The most notable associations were found in distinctly different motif pairs: labyrinthine and spot motifs (Maze and Sp-D: JI = 0.29, LL = 269, Z = 11.8; Maze and Sp-L: JI = 0.28, LL = 207, Z = 12.1) (Fig. 2, B and C). Considering the apparent phenotypic differences between labyrinths and spots, their strong association seems counterintuitive in terms of morphology. On the other hand, it is consistent with the pattern blending hypothesis and in silico hybridization experiments (Fig. 1B and fig. S1). This consistency is more evident in triple co-occurrence analyses of pattern motifs: When focusing on the genera in which dark (Sp-D) and light (Sp-L) spots co-occur, the pattern motif most strongly and substantially associated with these two spot motifs was indicated to be the labyrinthine motif (Maze) by all three association measures (Fig. 2D). To confirm these results, I used three other measures [Sørensen-Dice coefficient (SDC), Simpson similarity index (SSI), and T score (T)] and obtained qualitatively similar results (fig. S3).
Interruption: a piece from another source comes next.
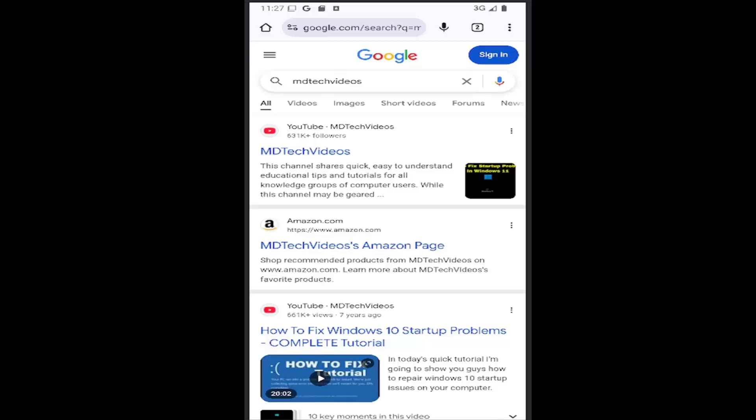In today's tutorial, I'm going to show you guys how to allow or deny camera access on your Google Chrome mobile web browser. This should hopefully be a pretty straightforward process, and without further ado, let's go ahead and jump right into it.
By contrast, for motif pairs other than dark and light spots, the strongest association was detected with motifs other than the labyrinthine patterns (fig. S4).
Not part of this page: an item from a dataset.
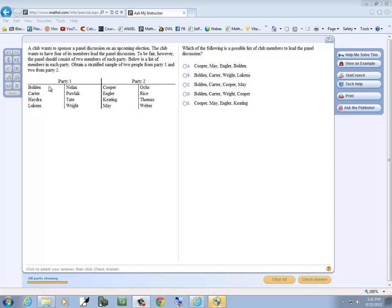That's key there. It is from these first two columns, that's party one. We need two people from there, and then we need two from here.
Pattern quantification and genomic analyses of pufferfish

To investigate the possibility of pattern blending in more detail, I performed an in-depth analysis of the skin pattern diversity in a representative small taxonomic group: pufferfish species of the genus Arothron, which are known for the compact size of their genome (less than 400 Mb, smallest among vertebrates), as well as their remarkable and diverse color patterns (Fig. 3) (23, 24). Pattern quantification targeting a total of 120 individuals from nine species revealed that pattern variations observed among Arothron fishes were in good agreement with numerical simulations based on the RD model (Fig. 4A, figs. S5 and S6, and data file S1). Above all, the labyrinthine patterns of Arothron species, Arothron multilineatus Matsuura, 2016, Arothron carduus (Cantor, 1849), and Arothron mappa (Lesson, 1831) (Fig. 3, D to F) were shown to have “intermediate” color tones between two types of spot patterns (a darker background tone for light spot patterns and a lighter background tone for dark spot patterns) (Fig. 4B) and a “transgressive” property as to the pattern complexity (labyrinthine patterns being more complex than both of spot patterns) (Fig. 4C).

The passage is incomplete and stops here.